REPUBLIKA.CO.ID, JAKARTA -- Wakil Ketua Tim Pemenangan Nasional (TPN) Ganjar-Mahfud, Muhammad Zainul Majdi atau Tuan Guru Bajang (TGB) mengatakan bahwa sudah alamiah jika Pulau Jawa dan Sumatera menjadi dua wilayah yang diincar suaranya pada pemilihan presiden (Pilpres) 2024. Karena, dua pulau tersebut memiliki jumlah daftar pemilih tetap (DPT) terbanyak.
Banyaknya DPT tersebut juga membuka potensi terjadinya kecurangan pada kontestasi nasional mendatang. Hal tersebutlah yang harus dapat dicegah oleh Komisi Pemilihan Umum (KPU) dan Badan Pengawas Pemilu (Bawaslu).
"Jadi memang sudah alami bahwa memang dua pulau besar ini menjadi kantung suara, proporsinya terbesar di antara pulang yang lain. Sehingga pasti potensi kerawanan, termasuk kecurangan pemilu paling besar," ujar TGB di Kantor TPN Ganjar-Mahfud, Jakarta, Rabu (3/1/2024).
TPN Ganjar-Mahfud sendiri sudah menyiapkan langkah mitigasi untuk mencegah potensi kecurangan tersebut. Salah satunya memperkuat tim IT yang bertugas untuk memantau dan mengawasi daerah-daerah yang diindikasikan terjadi kerawanan
Mereka juga sudah menginstruksikan seluruh elemen empat partai politik pengusung, simpatisan, dan relawan Ganjar-Mahfud untuk melaporkan jika menemukan indikasi kecurangan. Hal tersebut sangat penting bagi TPN untuk mengawasi jalannya masa kampanye.
"Ya kita tadi meng-appeal, mendesak kepada seluruh aparatur, institusi penyelenggara pemilu, termasuk penegakan hukum yang terkait dengan kepemiluan, yang nanti muaranya di MK, yuk sama-sama menjaga institusi kita," ujar TGB.
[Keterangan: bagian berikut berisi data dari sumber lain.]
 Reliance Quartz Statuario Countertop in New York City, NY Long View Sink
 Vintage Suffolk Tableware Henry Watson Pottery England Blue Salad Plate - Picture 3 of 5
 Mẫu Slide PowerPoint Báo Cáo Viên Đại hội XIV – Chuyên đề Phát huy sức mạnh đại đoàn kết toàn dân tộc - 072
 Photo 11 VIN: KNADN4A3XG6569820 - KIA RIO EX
"Jangan sampai gara-gara pemilu, urusan elektoral lima tahunan kita mengorbankan institusi dan fondasi kita berbangsa," sambungnya menegaskan.
Sebelumnya, Ketua Badan Pengawas Pemilu (Bawaslu) Rahmat Bagja menjelaskan, tingkat kerawanan paling tinggi dalam pelaksanaan Pemilu 2024, ada di wilayah Papua. Menurut dia, ada persoalan lokal di Papua, seperti pemilu dengan menggunakan sistem noken yang dibutuhkan pengawasan optimal.
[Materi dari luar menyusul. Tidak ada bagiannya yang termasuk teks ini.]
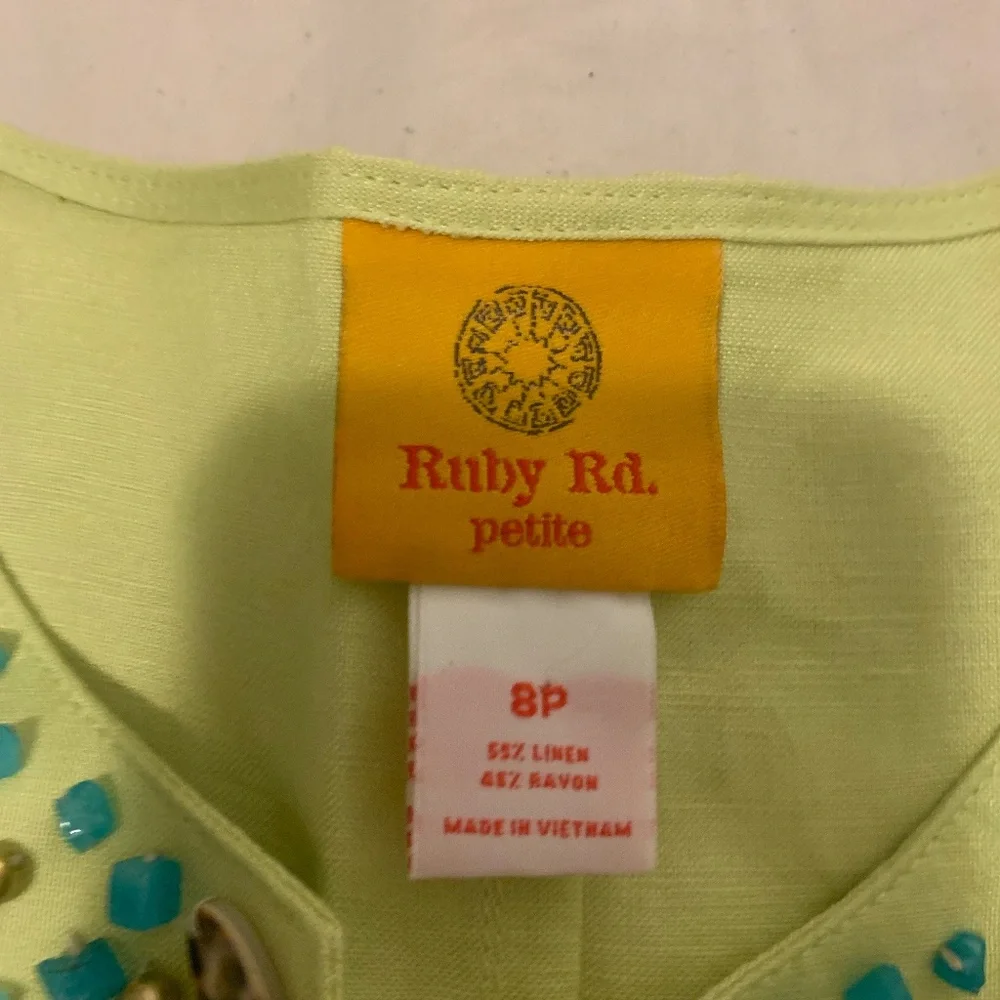 Ruby Rd. Linen suit - Picture 2 of 7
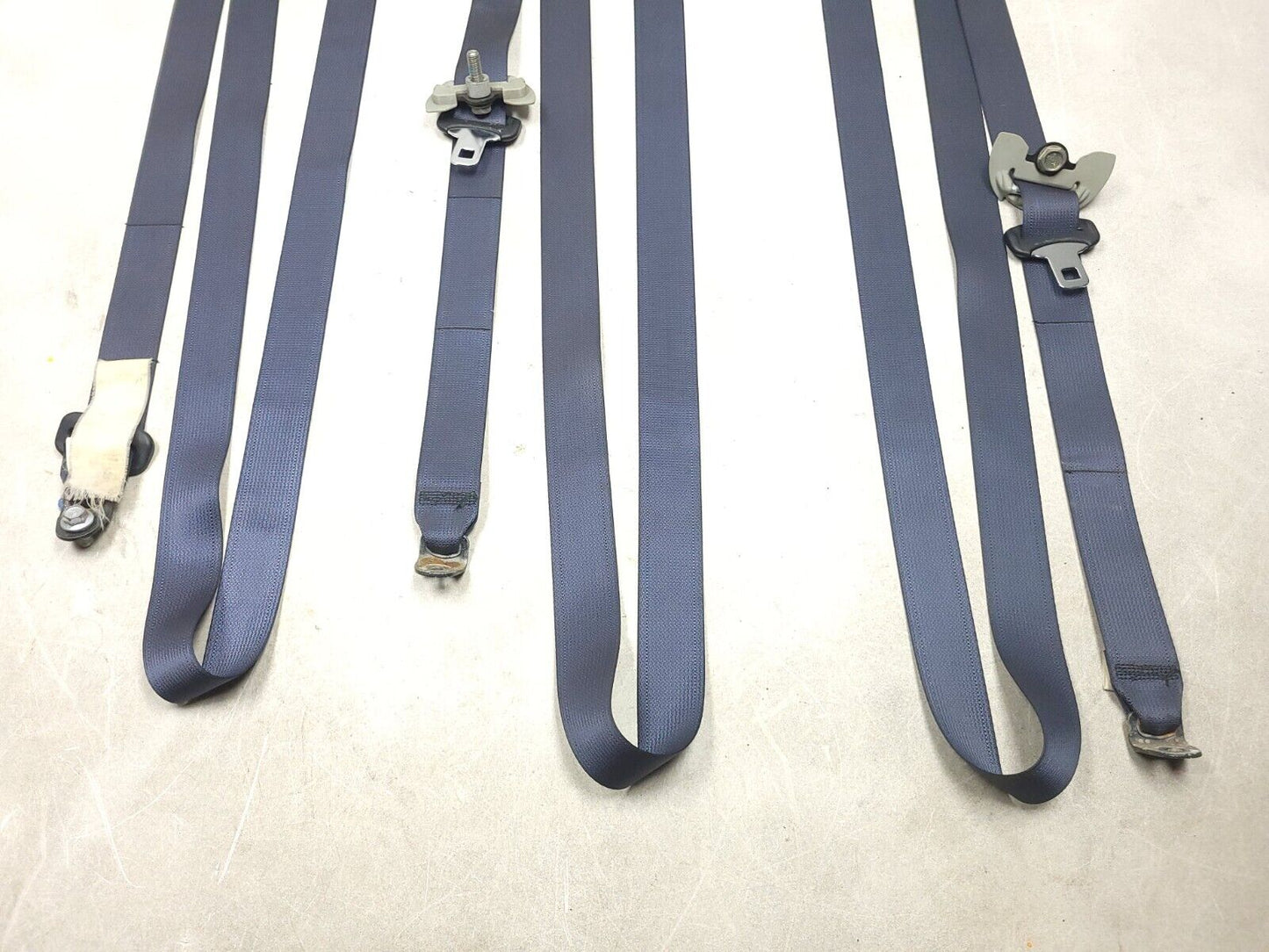 2007-2013 Mitsubishi Outlander 2nd Rear Seat Belt Retractor 3pcs OEM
Selain itu menurut Bagja, ada Daerah Otonom Baru (DOB) di wilayah Papua yang perlu dukungan khusus dalam penyelenggaraan pemilu. "Kendala geografis, keamanan dan yang berkaitan dengan distribusi surat suara membuat indeks kerawanan pemilu di wilayah itu tinggi," kata Bagja di Jakarta, Rabu (11/10/2023).
Papua memang memiliki kekhususan tersendiri dalam penyelenggaraan pemilu. Termasuk adanya biaya yang besar dalam pelaksanaannya.
Dia mencontohkan pada 2019 terjadi Pemungutan Suara Ulang (PSU) di sebuah daerah yang memiliki 91 orang pemilih dan memakan biaya mencapai Rp 2 miliar karena transportasi ke desa tersebut hanya menggunakan helikopter. "Daerah itu berada di dalam pegunungan dan di antara dua lembah," kata dia.